Two Nigerian Professors Elected Into The American Academy of Arts and Science

Two Nigerian professors have been elected into the American Academy of Arts and Science. They are Professor Jacob K. Olupona of the Harvard Divinity School and Dr. Muhammed Pate of Harvard T. H. Chan School of Public Health.

Pate, who was Nigeria’s former Minister of State for Health, is a Professor of the Practice of Public Health Leadership in the Department of Global Health and Population at Harvard University. He once served as the Global Director for Health, Nutrition and Population as well as Director of the Global Financing Facility for Women, Children and Adolescents, GFF, at the World Bank.

Olupona, a professor of African Religious Traditions as well as African and African- American Studies, was elected under the category of the study of religion.

In her congratulatory message to Olupona, Claudine Gay, Harvard’s  Edgerley Family Dean  of the Faculty of Arts and Science  said the honour, which was richly deserved,  was in recognition of his outstanding contributions to his discipline and to society at large.

“This is a singular honor in recognition of your outstanding contributions to your discipline and to society at large, and one that is richly deserved. With a history dating back to its establishment by John Adams, James Bowdoin, John Hancock and others, the Academy has a long and illustrious tradition of projects and studies that advance the public good.

“I am sure that with you as one of its new members the American Academy will continue in the best way possible its research on the emerging problems that face our society today.

“Although those challenges are perhaps somewhat different from those addressed by the 18th-century founders, I know that you will bring to your membership the same penetrating independent insight and analysis those scholars epitomized and envisioned many years ago,” Gay wrote.

Olupona, who joined the Faculty of Divinity and the Faculty of Arts and Sciences in 2006, is a noted scholar of indigenous African religions. He was educated at the University of Nigeria and Boston University, where he had his M.A  and PhD.

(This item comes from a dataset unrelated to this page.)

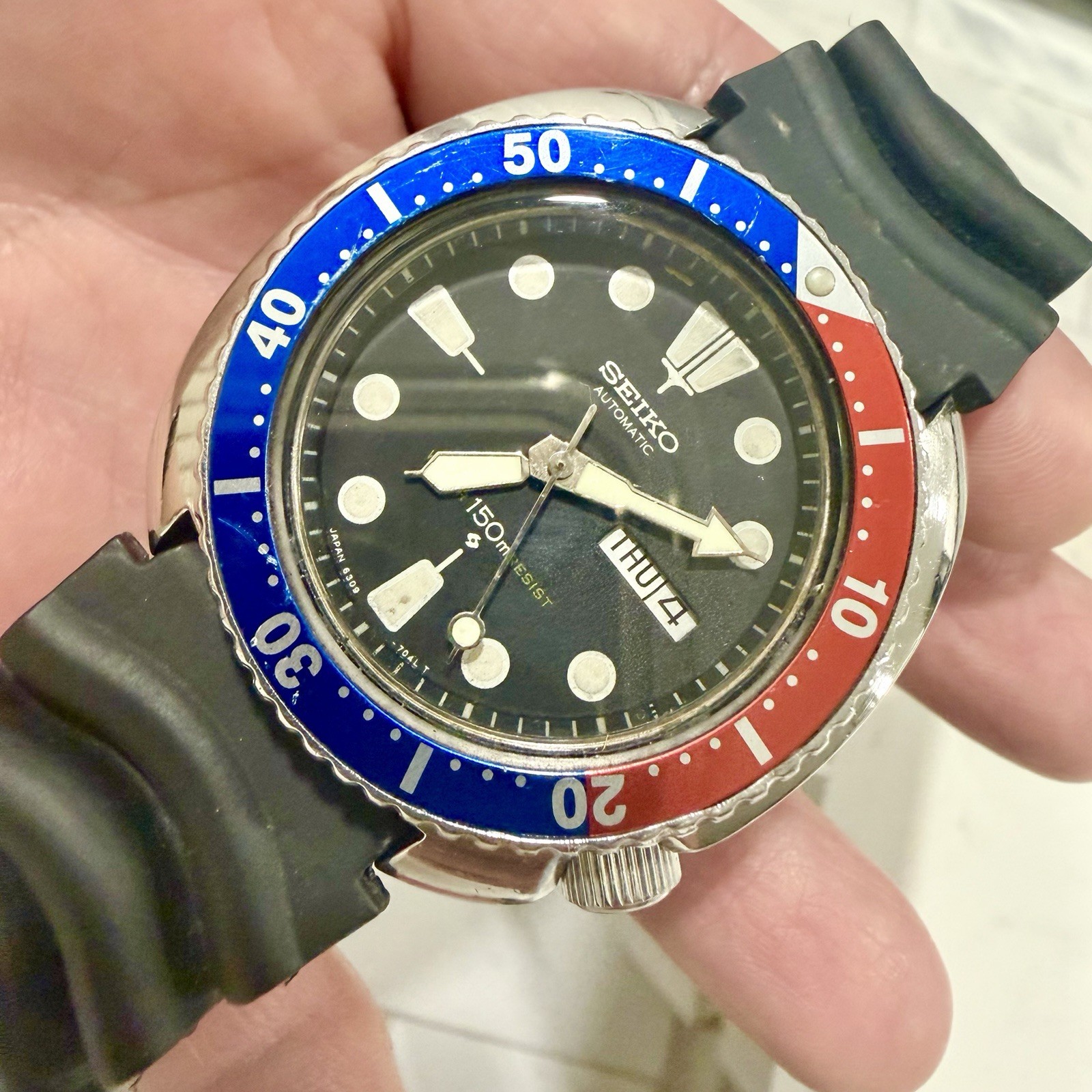 Vintage Seiko Turtle Pepsi 6309-7040 Suwa Automatic Men’s 44mm Diver Watch RUNS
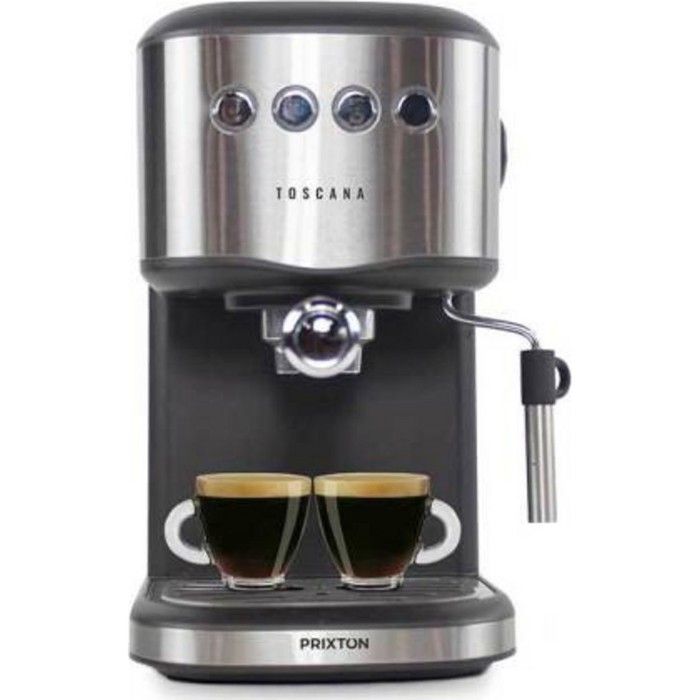 Machine à café Expresso Automatique PRIXTON Toscana adaptateur de Capsules / Dosettes 850 W 20 Bar Café moulu et à dosette Gris - Prixton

His current research focuses on the religious practices of the estimated one million Africans who have emigrated to the United States over the last 40 years, examining in particular several populations that remain relatively invisible in the American religious landscape: “reverse missionaries” who have come to the United States to establish churches, African Pentecostals in American congregations, American branches of independent African churches, and indigenous African religious communities in the United States.

His earlier research ranged across African spirituality and ritual practices, spirit possession, Pentecostalism, Yoruba festivals, animal symbolism, icons, phenomenology, and religious pluralism in Africa and the Americas.

In his book, “City of 201 Gods: Ilé-Ifè in Time, Space, and the Imagination”, he examines the modern urban mixing of ritual, royalty, gender, class, and power, and how the structure, content, and meaning of religious beliefs and practices permeate daily life.

His other books include “Òrìsà Devotion as World Religion: The Globalization of Yorùbá Religious Culture”, co-edited with Terry Rey, and “Kingship, Religion, and Rituals in a Nigerian Community: A Phenomenological Study of Ondo Yoruba Festivals”, which has become a model for ethnographic research among Yoruba-speaking communities. In 2012, he was named one of Harvard’s Walter Channing Cabot Fellows, for distinguished publications.

Olupona has received grants from the Guggenheim Foundation, the American Philosophical Society, the Ford Foundation, the Davis Humanities Institute, the Rockefeller Foundation, the Wenner-Gren Foundation, and the Getty Foundation.

He has served on the editorial boards of three influential journals and as president of the African Association for the Study of Religion.

In 2000, Olupona received an honorary doctorate in divinity from the University of Edinburgh in Scotland, and in 2007 he received the Nigerian National Order of Merit, Nigeria’s  prestigious award given each year for intellectual accomplishment in the four areas of science, medicine, engineering/technology, and humanities. In 2018 he received the Martin E. Marty Award for the Public Understanding of Religion.

Pate, on his part, was educated at the Ahmadu Bello University, Duke University and University College London. His appointment as a Minister of State for Health in July 2011 followed his role  as the Executive Director of the National Primary Health Care Development Agency in Abuja. He resigned his ministerial position in 24 July 2013 to take up the position of Professor in Duke University’s Global Health Institute,

On Tuesday, 11 October 2022, Pate, alongside  Dr. Ngozi Okonjo-Iweala and Dr  Amina J. Mohammed were conferred with Nigeria’s national honours. Pate was conferred with Commander of the Order of the Niger (CON). Earlier in 2019, Pate was appointed Julio Frenk Professor of Public Health Leadership at the Harvard T. H. Chan School of Public Health.